THE TASK
What lines in the data below mention the string "hotel"? Copy them out.

(Scraped caption text data)
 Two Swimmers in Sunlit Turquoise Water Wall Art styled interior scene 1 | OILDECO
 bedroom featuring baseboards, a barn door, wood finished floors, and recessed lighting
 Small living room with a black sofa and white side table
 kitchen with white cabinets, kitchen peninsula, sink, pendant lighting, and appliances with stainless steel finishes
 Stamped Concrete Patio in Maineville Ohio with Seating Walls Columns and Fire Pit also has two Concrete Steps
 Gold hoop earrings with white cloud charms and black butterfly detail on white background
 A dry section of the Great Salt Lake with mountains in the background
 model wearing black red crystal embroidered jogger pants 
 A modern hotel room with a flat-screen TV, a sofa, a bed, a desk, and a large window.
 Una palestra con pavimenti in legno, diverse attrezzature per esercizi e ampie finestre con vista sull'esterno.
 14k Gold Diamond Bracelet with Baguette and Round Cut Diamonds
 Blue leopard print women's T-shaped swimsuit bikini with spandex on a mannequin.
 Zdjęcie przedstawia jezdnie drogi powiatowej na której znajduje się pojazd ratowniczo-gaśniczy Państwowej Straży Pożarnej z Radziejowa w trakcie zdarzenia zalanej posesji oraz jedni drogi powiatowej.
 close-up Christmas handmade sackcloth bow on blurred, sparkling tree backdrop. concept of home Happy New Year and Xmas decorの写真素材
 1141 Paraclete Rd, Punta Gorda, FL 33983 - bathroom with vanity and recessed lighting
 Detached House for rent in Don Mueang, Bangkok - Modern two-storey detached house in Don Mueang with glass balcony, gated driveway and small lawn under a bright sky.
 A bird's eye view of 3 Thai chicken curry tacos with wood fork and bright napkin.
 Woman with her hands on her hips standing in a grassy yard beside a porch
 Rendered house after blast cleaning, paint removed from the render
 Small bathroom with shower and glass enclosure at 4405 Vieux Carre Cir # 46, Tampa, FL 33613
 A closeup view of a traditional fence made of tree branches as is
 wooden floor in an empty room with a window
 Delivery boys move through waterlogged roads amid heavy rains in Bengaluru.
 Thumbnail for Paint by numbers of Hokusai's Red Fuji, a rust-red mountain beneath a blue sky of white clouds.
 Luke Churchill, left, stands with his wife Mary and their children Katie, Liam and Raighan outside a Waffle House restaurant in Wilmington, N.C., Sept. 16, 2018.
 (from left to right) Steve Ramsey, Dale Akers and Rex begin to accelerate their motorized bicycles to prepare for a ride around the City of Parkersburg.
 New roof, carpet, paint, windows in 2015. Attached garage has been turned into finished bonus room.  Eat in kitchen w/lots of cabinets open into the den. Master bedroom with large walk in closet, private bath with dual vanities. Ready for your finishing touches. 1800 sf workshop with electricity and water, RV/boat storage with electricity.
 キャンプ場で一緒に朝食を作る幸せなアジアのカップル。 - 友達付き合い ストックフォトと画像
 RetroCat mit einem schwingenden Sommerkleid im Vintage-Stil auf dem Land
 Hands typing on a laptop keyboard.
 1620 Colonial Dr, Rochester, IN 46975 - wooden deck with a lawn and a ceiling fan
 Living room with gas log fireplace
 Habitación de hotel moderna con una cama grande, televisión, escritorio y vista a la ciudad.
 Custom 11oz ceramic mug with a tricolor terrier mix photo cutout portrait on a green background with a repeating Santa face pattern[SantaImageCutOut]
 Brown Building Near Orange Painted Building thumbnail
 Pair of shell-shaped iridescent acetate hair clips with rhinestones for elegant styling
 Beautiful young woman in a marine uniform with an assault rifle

REPLY
 A modern hotel room with a flat-screen TV, a sofa, a bed, a desk, and a large window.
 Habitación de hotel moderna con una cama grande, televisión, escritorio y vista a la ciudad.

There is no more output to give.